• Yearling

    Guys were talking about something like a $1000 premium for the PK-100 since all the craziness or the past few years. YouTube video from PS Seasonings a few weeks ago showed a window in the door of theirs & the host mentioned it was a prototype. Just a couple of bits to consider.

  • Power User Regular Contributors Smoker Build Expert Bowl Choppers Nebraska Veteran Team Camo

  • Team Blue North Dakota Old-Timer Veteran Sous Vide Grilla Pellet Smoker

    I do not have any experience with the PK, but I have had a Smokin-It #3 analog since 2014 and it is still going strong. I am actually a moderator on the Smokin-It site, but have not been active there for a couple of years. I still love my Smokin-It smoker and use it every year although I have also started using a pellet smoker for some things primarily for convenience. But, for pure smoking, I would always choose the Smokin-It over the pellet smoker.

    I have not really had any issues with it, but the limited amount of issues that I have had have been quickly and easily addressed by the company. I am not sure if it is still the same way, but when you send an email or text for support/warranty, your response typically comes from the owner.

    I would highly recommend any of the smokers from Smokin-It.

  • Team Orange

    I don’t have experience with the PK. I’ve used a Bradley and a Masterbuilt for many years. This summer I decided to “go big or go home” and ordered a Smokin-it 5D WiFi. It’s a whole different beast. I’m doing 65 pounds of pulled pork for a family reunion this weekend. The temperature control, temperature probes, and WiFi gives great control and lets you monitor the process for anywhere in the world. When we make snack sticks or Jerky, we usually do 30-40 pounds at a time, so the extra size is welcome. The “James Jerky Dryer” is back in stock, so that will be my next purchase to help with snack sticks and Jerky. I was very close to going with the PK, but in the end, I wanted the larger size for larger batches.

  • Military Veterans Sous Vide Canning Traeger Power User Arizona Dry Cured Sausage Dry-Cured Expert

    bwsmokr I researched a bit and ended up buying the Cookin It. 3.5wifi gen 2. Also the Bellas cold smoke generator.
    processhead linked my thread below, thanks and good memory, Paul!

    I’ve used itmaybe 30 times now. Here are things I’d say.

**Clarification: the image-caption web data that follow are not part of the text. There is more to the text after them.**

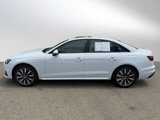 Used 2024 Audi A4 2.0T Premium Plus w/ Premium Plus Package image 4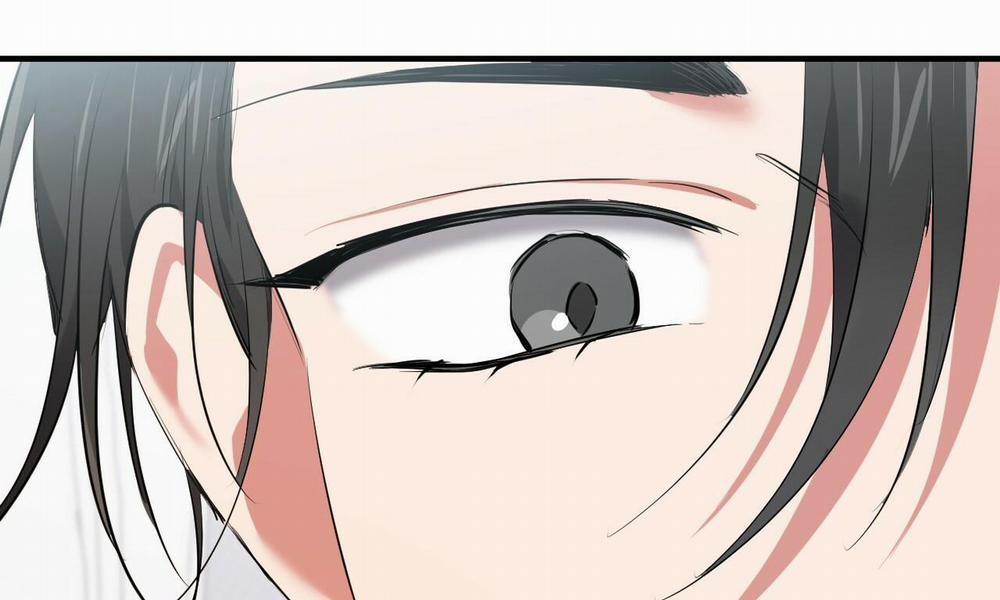 Đàn Thỏ Của Habibi 39 trang 25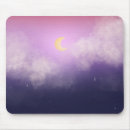 Suche nach lila himmel mousepads Natur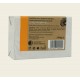 Savon naturel au calendula -  Visage et Corps - Essabó - Jabones Beltrán - 100 gr.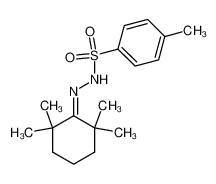 89050-81-7 structure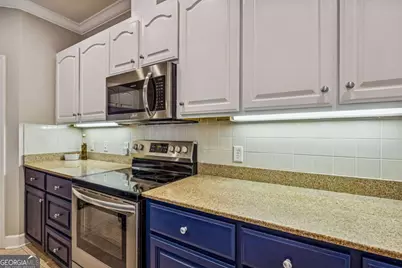 119 Austin Ryan Drive, Kingsland, GA 31548 - Photo 18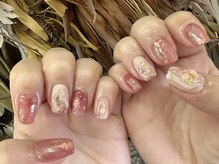 ラヴィリエ(Raviller)/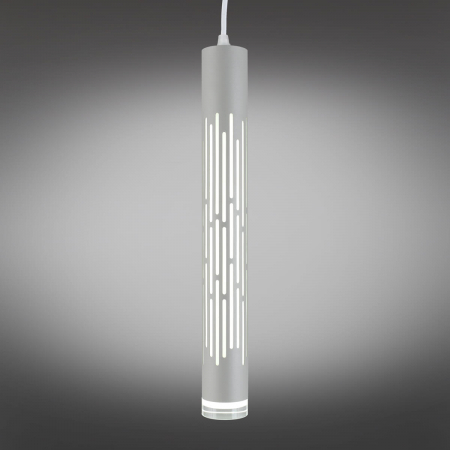 Omnilux OML-101716-20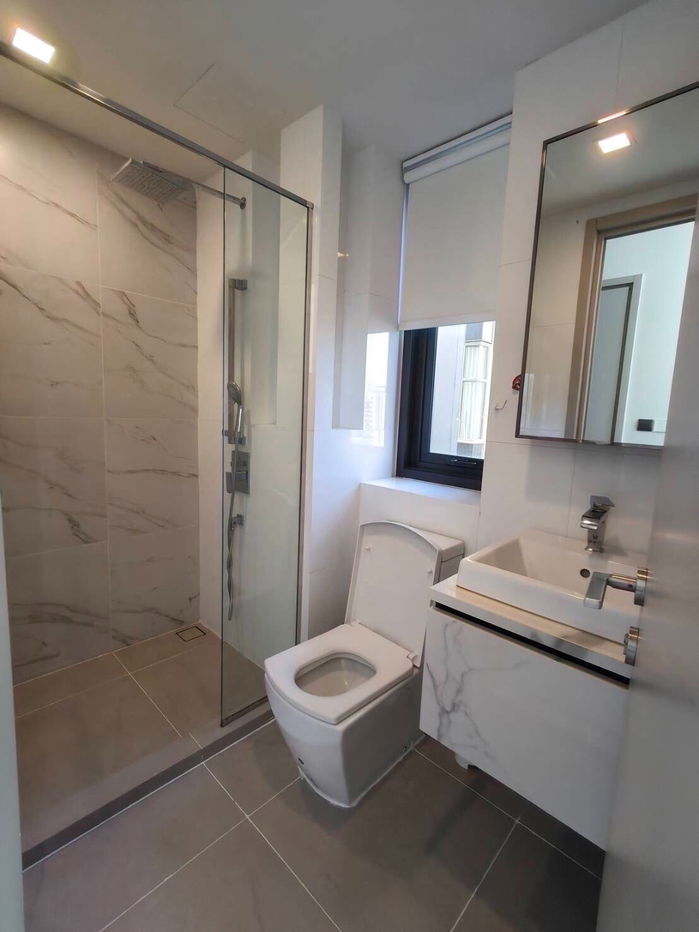 รูป 🌈⚡E010212 เดอะ ไลน์ สุขุมวิท 101⚡🌈รับ Special Code เมื่อเช่ากับเรา 💬 LINE: @theagentpro   - รูปที่ 13/13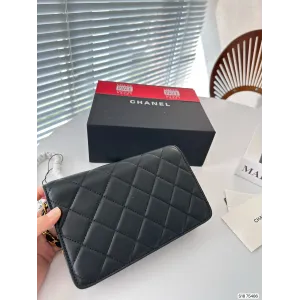 【2026】【CHANEL 公式旗艦店】シャネル ショルダーバッグ 当日出荷 好評に付き再入荷!20*12CM 【2026】【CHANEL 公式旗艦店】シャネル ショルダーバッグ 当日出荷 好評に付き再入荷!20*12CM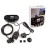 Hydor Automatic Water level Control Unit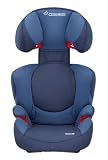 Maxi-Cosi 75006121 - Rodi XP Kinderautositz Gruppe 2/3 (15-36 kg), ab 3.5 Jahre bis circa 12 Jahren, Blue Night Maxi-Cosi 75006121 - Rodi XP Kinderautositz Gruppe 2/3 (15-36 kg), ab 3.5 Jahre bis circa 12 Jahren, Blue Night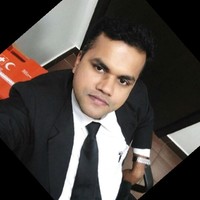 Takdeerazeez Azeez
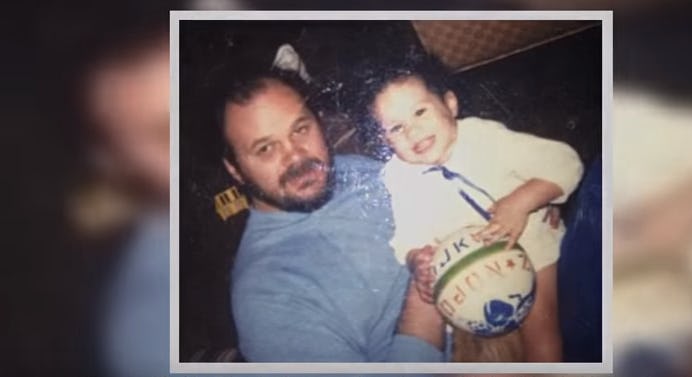 Who Is Thomas Markle, Meghan Markle's Dad? He's Staying Out Of The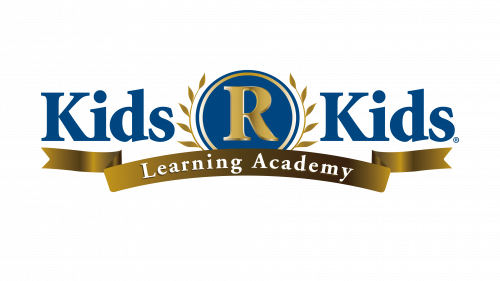 Kids r Kids Logo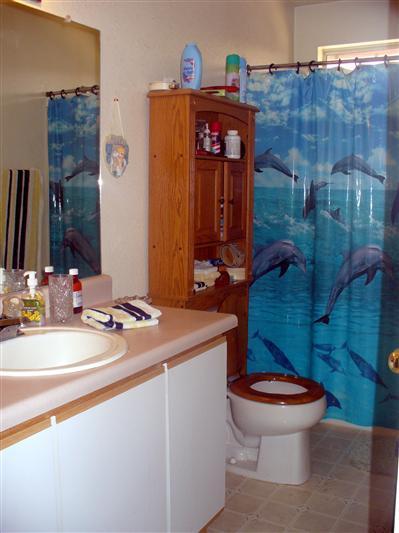 8985 E Kinross Dr, Tucson, AZ 85730 photo 4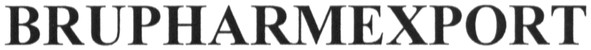 brupharmexport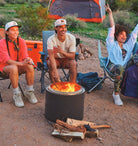 Public Lands - Uncharted Life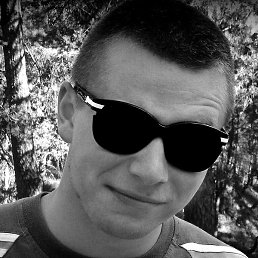 ������, ������, 38 ���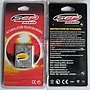 Accesorii GSM - : Acumulator BST-33 Sony Ericsson K800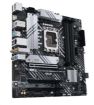 Obrázek ASUS MB Sc LGA1700 PRIME B660M-A WIFI DDR4, Intel B660, 1xDP, 2xHDMI, WI-FI, mATX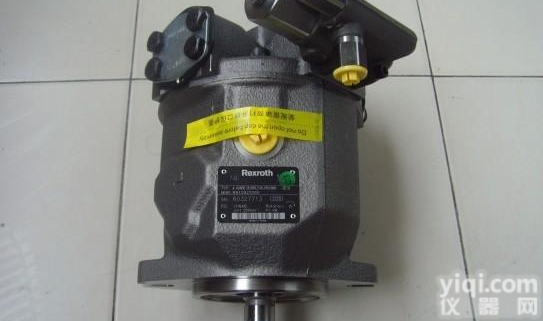 A10VSO18DR/31R-PPA12  <em>力士乐柱塞泵A10VSO18DR/31R-PPA12N00</em>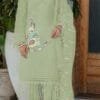 Wholesaler For Pakistani Suits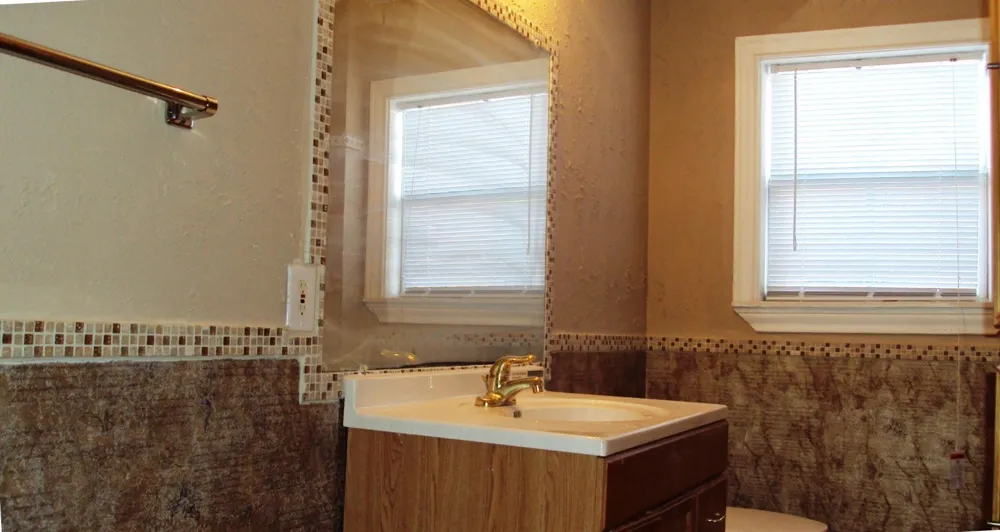 2601 Wheeler Street Houston, TX 77004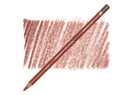 Derwent Drawing Pencil - Venetian Red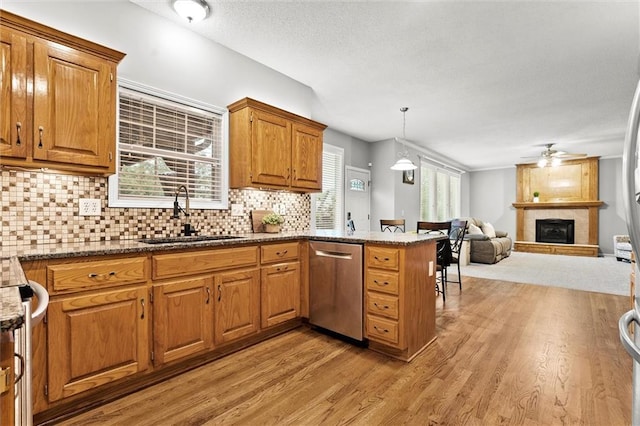 6333 Lakecrest Dr, Shawnee, KS 66218 - photo 10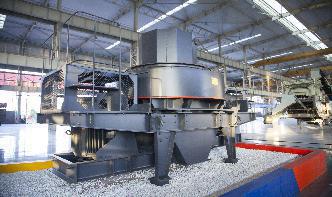 India Ball Mill For Dolomite Processing Industry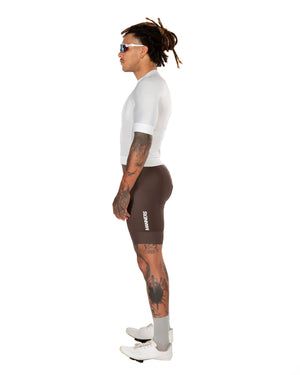 Mantra Race Bib Short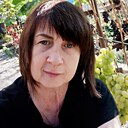 Вера, 53 года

    1. Read that thread, at the bottom crimsonfancy makes some true points.
    2. shoprat53 mentioned that SmokinIt is a copy of the Cook Shack smoker, and I think that’s true. There is a link to their website in that thread too. Cook shack is a US maker, I might have bought from them had I known.
    3. I didn’t learn enough about the PK100, but liked the sizing of the 3.5 smokin it. I seem to recall it was cheaper for the size I wanted, maybe?
    4. Construction is fantastic, very satisfied.
    5. Controller is good, holds temps within 2 degrees. Instruction Manual is horrendous, but can be figured out.
    6. Wifi… it works, but I don’t use it. I just walk out and hit up button to adjust temps when needed. If $$ is issue you don’t need it.
    7. Smoker is almost airtight! Only a 3/4" vent on top and bottom. This is the problem, as crimsonfancy said. It holds moisture. This is good and bad.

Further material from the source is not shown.